-- Task data follows --

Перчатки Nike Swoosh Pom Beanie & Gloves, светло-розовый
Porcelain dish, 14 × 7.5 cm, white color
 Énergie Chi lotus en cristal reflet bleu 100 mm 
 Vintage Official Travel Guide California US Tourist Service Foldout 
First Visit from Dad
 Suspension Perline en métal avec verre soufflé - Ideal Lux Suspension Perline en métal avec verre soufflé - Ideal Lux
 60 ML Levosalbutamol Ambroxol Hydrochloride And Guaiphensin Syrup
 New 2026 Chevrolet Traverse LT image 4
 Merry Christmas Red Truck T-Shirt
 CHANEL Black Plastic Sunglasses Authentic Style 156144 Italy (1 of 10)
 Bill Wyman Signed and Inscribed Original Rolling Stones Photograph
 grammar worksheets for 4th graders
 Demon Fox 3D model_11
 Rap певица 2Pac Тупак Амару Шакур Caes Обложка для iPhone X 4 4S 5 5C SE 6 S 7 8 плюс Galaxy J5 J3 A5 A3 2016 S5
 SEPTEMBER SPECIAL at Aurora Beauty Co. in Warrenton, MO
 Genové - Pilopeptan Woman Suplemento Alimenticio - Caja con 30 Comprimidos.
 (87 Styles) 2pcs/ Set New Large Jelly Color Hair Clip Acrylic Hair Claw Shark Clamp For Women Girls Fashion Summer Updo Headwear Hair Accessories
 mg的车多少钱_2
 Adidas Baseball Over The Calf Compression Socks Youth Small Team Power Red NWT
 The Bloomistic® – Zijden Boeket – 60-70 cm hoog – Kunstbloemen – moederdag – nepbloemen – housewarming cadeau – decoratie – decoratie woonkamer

-- Task data concluded --

What to produce -> Beginning at the line above with "Ideal Lux Suspension" and finishing at the line with "Merry Christmas Red Truck T-Shirt", return each line exactly and return nothing else.

Response to this task ->
 Suspension Perline en métal avec verre soufflé - Ideal Lux Suspension Perline en métal avec verre soufflé - Ideal Lux
 60 ML Levosalbutamol Ambroxol Hydrochloride And Guaiphensin Syrup
 New 2026 Chevrolet Traverse LT image 4
 Merry Christmas Red Truck T-Shirt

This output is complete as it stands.